Items listed in a dataset
--- START ---
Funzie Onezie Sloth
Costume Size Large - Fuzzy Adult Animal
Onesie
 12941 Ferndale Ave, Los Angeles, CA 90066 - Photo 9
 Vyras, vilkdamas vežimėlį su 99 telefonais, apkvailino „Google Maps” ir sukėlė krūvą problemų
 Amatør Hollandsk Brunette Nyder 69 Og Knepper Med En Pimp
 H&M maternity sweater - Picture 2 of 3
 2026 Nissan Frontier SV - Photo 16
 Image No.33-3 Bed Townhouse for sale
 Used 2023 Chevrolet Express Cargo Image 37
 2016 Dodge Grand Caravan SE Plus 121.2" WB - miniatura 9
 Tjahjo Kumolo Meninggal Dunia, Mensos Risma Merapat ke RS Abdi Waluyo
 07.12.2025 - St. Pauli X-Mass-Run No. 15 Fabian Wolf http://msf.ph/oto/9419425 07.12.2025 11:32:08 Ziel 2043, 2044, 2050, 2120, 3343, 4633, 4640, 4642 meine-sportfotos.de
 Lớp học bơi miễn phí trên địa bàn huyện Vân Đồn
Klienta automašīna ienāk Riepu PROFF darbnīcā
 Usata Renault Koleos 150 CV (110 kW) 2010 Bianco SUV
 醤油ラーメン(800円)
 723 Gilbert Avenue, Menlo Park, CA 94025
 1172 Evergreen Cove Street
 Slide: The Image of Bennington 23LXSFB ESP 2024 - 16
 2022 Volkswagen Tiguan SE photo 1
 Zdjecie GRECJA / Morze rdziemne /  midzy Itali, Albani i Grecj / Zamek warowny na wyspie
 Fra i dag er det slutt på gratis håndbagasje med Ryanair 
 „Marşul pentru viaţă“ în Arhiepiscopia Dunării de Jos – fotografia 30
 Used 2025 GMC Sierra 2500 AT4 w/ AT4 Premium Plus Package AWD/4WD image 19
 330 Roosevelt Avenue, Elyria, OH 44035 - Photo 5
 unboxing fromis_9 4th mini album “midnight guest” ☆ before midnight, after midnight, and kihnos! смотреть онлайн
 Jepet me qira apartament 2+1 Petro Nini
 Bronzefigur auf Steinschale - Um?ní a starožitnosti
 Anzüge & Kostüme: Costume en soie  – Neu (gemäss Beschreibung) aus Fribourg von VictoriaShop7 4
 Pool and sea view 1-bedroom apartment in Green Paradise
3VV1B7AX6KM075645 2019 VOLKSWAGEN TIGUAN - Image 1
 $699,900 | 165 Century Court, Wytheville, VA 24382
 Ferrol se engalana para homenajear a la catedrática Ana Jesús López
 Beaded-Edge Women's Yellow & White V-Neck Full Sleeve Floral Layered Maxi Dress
--- END ---
> BRIEF:
Copy whichever lines above contain the string "Plus".

> RESPONSE AREA:
 2016 Dodge Grand Caravan SE Plus 121.2" WB - miniatura 9
 Used 2025 GMC Sierra 2500 AT4 w/ AT4 Premium Plus Package AWD/4WD image 19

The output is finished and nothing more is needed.